La editorial rosarina Ivan Rosado publica libros curiosos. Por ejemplo, una colección que se llama Maravillosa Energía Universal. En la Feria del Libro me obsequiaron el volumen dedicado a Mariette Lydis, compuesto por una pequeña autobiografía de la pintora, cuarenta páginas de reproducciones de sus óleos y dibujos, más un epílogo a cargo de Claudio Iglesias y Santiago Villanueva. Lydis (1887-1970) nació en Viena y murió en Buenos Aires, tras vivir en otros seis países. Autodidacta absoluta, con un estilo que evoca el surrealismo, pintó sobre todo mujeres, vegetales y locos. Trabajó durante años con pacientes de los manicomios y en París inauguró una serie llamada Les Lesbiennes. Las caras de mujer que aparecen en el libro se parecen a la suya (las fotografías la muestran como una mujer hermosa). El texto es despojado, ingenuo y emotivo. “¿Cómo explicar el golpe de alegría frente a una pieza lograda? (...) Me hace sentir campanadas en el corazón cuyos ecos me llenan de alegría. Por eso siempre me digo, al pensar en la inminencia de la muerte: ‘Mejor hoy no, que estoy trabajando tan bien; por favor, me gustaría poder pintar un rato más. Otro día sería mejor’”.
En el epílogo, Iglesias y Villanueva anotan, en una sección llamada “Romero Brest no es consuelo para exiliados”, que Lydis fue ignorada, casi proscripta, por las vanguardias de los 60 con centro en el Instituto Di Tella. Lydis vendía bien su obra y cada año exponía en el Museo Sívori con gran concurrencia. Hay setenta obras suyas en el patrimonio del museo, pero ninguna está exhibida actualmente. En cambio, hay dos muestras dedicadas al arte y la naturaleza que la excluyen en favor de artistas más representativos de la curaduría oficial de hoy. La maldición de Romero Brest continúa.

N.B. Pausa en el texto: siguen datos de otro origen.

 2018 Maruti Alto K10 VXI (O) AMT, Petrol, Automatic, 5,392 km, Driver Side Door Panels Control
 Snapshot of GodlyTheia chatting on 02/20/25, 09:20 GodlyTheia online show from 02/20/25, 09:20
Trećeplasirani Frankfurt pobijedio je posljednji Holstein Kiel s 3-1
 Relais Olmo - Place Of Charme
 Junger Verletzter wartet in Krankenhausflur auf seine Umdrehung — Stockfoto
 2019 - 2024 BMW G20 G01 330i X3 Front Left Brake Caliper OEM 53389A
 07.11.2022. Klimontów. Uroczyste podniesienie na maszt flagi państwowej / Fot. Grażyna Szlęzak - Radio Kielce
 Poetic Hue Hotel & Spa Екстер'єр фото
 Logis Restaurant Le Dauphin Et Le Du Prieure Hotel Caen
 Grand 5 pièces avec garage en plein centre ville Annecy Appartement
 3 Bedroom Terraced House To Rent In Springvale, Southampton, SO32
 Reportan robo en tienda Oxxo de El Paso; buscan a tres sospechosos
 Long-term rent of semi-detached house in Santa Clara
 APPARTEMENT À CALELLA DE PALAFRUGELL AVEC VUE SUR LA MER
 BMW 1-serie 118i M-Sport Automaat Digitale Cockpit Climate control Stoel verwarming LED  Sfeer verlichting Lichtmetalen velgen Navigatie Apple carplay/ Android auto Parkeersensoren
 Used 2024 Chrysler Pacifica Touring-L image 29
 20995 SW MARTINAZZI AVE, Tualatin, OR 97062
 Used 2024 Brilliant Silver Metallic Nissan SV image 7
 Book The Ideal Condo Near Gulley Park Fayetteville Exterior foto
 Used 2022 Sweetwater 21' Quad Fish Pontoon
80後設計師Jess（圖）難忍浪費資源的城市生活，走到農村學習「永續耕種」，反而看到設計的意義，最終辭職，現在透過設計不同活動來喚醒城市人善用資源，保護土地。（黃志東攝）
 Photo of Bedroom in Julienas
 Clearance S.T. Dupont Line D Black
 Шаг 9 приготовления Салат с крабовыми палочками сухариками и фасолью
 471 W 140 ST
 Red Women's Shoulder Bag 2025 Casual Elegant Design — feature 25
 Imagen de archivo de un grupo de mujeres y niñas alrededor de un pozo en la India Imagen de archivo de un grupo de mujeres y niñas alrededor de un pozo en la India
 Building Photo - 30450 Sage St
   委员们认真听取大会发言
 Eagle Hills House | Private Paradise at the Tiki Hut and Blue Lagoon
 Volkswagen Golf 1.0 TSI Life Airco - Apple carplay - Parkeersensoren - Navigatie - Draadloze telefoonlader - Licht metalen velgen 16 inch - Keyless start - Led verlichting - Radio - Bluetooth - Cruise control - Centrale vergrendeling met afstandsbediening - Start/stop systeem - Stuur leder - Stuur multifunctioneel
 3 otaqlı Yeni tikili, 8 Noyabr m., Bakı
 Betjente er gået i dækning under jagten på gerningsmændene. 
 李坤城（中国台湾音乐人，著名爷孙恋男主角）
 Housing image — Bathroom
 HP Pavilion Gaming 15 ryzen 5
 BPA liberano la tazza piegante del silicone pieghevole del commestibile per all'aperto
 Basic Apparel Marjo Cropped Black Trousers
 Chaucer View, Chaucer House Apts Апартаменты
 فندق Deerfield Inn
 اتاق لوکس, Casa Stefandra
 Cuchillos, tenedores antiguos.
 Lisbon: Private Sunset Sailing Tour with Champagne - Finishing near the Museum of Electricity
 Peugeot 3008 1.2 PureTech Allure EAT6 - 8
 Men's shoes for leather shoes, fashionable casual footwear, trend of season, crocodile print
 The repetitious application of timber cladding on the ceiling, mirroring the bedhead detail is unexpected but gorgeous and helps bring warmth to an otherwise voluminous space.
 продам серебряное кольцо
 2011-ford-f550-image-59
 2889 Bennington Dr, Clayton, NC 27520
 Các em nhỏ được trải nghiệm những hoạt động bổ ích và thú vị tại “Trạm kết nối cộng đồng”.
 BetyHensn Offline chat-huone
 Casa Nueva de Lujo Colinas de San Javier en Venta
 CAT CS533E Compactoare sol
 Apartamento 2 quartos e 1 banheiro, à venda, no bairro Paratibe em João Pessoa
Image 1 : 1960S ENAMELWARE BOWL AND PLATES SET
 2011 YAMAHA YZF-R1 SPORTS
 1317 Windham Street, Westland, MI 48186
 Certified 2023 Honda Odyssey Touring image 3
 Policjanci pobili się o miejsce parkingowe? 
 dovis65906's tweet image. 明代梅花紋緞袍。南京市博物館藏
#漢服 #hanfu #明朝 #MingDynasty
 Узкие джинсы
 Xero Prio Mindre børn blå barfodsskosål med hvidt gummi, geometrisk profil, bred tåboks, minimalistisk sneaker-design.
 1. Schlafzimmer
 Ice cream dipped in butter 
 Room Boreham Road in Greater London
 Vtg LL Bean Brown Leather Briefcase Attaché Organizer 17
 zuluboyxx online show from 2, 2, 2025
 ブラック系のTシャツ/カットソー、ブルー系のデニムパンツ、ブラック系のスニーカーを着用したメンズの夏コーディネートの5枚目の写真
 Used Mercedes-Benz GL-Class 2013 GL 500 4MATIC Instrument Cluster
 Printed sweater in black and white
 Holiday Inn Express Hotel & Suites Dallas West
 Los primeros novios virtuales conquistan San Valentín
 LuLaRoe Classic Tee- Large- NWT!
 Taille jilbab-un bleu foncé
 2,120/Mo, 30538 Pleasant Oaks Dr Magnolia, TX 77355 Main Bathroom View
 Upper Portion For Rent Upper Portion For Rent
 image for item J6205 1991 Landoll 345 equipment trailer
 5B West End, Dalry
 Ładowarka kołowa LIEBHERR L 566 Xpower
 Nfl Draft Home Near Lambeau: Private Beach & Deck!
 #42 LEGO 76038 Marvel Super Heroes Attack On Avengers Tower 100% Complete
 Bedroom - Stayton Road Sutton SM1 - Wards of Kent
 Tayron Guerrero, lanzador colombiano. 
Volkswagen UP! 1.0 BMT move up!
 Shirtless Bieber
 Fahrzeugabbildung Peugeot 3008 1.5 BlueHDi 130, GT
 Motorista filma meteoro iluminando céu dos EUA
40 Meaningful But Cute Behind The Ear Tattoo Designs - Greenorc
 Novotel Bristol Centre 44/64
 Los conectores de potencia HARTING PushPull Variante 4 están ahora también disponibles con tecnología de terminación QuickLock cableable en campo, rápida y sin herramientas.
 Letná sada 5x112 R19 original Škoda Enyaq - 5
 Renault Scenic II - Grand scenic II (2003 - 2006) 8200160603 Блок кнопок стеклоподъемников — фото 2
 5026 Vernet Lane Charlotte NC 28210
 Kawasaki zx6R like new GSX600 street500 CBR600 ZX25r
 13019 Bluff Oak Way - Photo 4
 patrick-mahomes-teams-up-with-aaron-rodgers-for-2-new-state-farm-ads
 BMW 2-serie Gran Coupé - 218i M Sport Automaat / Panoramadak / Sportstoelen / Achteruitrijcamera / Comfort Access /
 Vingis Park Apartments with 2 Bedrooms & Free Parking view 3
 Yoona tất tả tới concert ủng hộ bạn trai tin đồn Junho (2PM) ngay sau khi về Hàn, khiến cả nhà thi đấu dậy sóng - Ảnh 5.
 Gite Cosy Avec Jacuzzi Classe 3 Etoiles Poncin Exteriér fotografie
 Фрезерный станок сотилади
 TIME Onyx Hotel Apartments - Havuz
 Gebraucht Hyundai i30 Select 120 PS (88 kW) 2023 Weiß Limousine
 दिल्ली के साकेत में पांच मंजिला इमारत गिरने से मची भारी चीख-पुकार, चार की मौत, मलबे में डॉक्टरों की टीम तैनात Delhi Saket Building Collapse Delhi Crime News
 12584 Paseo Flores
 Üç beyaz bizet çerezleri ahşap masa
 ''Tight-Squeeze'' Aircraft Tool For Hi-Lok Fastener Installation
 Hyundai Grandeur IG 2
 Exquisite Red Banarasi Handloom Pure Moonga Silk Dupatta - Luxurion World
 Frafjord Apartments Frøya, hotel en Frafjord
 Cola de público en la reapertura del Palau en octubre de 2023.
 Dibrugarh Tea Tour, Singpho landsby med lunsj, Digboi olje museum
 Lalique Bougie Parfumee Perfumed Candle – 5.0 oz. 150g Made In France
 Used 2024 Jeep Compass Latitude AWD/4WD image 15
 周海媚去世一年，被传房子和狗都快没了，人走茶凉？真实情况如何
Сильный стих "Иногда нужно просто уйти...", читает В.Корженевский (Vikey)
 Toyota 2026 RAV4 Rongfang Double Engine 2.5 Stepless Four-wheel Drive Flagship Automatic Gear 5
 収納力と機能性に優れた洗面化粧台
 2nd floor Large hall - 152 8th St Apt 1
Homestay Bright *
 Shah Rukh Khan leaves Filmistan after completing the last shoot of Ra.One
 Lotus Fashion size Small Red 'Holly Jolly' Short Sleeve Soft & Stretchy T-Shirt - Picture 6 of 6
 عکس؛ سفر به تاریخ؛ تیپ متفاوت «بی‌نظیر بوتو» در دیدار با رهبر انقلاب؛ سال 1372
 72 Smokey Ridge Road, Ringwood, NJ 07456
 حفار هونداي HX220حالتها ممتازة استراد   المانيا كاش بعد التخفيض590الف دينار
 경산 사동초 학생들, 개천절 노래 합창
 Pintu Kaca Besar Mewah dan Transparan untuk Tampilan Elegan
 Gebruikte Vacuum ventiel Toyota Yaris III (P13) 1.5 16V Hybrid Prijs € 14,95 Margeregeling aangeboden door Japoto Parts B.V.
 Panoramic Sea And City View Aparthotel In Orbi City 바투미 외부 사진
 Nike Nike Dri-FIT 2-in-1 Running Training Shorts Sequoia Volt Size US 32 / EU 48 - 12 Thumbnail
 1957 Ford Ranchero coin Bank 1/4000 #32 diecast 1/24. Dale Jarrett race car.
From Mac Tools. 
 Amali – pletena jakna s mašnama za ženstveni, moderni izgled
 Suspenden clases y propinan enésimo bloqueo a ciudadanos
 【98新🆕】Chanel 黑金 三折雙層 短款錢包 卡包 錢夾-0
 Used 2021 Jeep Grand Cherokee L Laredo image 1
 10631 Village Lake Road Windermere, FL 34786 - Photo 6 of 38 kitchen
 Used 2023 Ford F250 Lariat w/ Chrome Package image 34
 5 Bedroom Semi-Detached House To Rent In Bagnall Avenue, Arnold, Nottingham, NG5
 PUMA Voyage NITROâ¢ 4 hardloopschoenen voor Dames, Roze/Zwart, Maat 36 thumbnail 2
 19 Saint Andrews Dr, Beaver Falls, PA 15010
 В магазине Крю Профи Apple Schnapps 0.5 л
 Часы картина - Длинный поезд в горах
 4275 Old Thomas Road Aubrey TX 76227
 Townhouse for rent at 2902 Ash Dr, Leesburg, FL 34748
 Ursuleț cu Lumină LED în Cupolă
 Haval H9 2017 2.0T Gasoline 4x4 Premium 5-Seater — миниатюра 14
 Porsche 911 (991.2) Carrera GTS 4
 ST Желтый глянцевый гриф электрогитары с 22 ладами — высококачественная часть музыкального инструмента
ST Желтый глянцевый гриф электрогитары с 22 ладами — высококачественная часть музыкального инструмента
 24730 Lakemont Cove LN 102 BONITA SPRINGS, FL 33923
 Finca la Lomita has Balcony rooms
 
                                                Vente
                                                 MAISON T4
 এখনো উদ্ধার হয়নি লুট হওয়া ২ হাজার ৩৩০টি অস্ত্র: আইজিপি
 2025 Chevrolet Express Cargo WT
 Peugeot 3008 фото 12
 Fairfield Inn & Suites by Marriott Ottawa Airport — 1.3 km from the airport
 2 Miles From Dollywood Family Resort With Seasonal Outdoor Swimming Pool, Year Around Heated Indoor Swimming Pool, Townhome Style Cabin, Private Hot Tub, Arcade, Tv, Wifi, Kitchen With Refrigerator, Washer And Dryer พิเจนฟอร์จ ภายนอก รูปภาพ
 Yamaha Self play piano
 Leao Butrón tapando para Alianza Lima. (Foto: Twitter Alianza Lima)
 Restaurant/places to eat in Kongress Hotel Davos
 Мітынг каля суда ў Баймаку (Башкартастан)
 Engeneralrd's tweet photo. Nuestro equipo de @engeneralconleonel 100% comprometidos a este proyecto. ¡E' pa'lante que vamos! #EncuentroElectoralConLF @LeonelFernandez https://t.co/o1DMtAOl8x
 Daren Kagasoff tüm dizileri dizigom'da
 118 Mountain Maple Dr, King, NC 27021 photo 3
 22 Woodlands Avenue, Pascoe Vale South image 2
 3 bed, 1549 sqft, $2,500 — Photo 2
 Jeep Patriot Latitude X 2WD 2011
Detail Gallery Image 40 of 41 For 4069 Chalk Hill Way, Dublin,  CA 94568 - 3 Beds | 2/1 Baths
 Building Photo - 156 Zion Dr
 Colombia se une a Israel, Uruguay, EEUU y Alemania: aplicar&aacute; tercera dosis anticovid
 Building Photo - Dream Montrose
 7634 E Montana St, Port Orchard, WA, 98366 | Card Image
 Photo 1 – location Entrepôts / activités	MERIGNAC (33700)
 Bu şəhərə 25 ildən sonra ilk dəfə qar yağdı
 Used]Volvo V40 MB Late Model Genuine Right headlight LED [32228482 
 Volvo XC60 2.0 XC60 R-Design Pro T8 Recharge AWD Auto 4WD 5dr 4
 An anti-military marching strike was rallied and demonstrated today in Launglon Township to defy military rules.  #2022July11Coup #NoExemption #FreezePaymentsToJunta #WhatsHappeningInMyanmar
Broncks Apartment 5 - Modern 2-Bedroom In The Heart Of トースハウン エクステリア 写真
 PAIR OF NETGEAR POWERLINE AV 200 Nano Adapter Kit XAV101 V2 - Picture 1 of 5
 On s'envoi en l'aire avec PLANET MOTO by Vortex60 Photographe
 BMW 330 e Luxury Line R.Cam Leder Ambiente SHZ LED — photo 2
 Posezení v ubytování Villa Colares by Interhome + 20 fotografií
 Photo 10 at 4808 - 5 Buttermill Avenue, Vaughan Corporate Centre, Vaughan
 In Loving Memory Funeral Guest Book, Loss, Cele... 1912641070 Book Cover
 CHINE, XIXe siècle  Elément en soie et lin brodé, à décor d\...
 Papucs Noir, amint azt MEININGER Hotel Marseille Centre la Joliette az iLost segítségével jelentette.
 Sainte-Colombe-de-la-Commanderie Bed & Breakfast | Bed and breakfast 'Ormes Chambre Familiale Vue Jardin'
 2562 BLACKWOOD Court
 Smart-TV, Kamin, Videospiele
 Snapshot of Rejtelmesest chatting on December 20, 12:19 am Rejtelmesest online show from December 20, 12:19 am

El tema de la represión ejercida por las vanguardias aparece en otro libro que me regalaron en la Feria: Glosa continua, de Mercedes Roffé (editorial Excursiones), poeta y editora residente en Nueva York. Esta amena recorrida por sus pensamientos y sus lecturas en torno a la poesía incluye un (no tan) solapado ajuste de cuentas desde su segura posición actual contra lo que la amedrentaba en los 70, años de militares pero también de estructuralistas y lacanianos que monopolizaban el saber a la moda. Roffé recuerda al crítico que le prohibió un poema porque incluía “cosas que no se podían decir” y habla de Alejandra Pizarnik como la única que le mostró que había un camino para su vocación literaria (“escribir era posible, ser era posible”). También reivindica a los simbolistas de hace más de un siglo, rechaza la obligación nacional de venerar al Martín Fierro y no demuestra demasiada simpatía por neorrománticos, neobarrocos y “supuestamente objetivistas” (ni, creí entender, por Borges). Estas opiniones desembocan en una frase que bien podría sintetizar un manifiesto feminista: “No hubo circunstancia lo bastante enorme que el talento del hombre no haya sido capaz de superar. No hubo talento lo bastante capaz de superar la circunstancia de haber nacido mujer”. El feminismo es la ola incontenible de la opinión actual, pero pensando en Lydis y Roffé, se me ocurre que hay una manera de leerlo, al menos en el arte, como una ventana para desafiar las reglas de los supuestos sabios.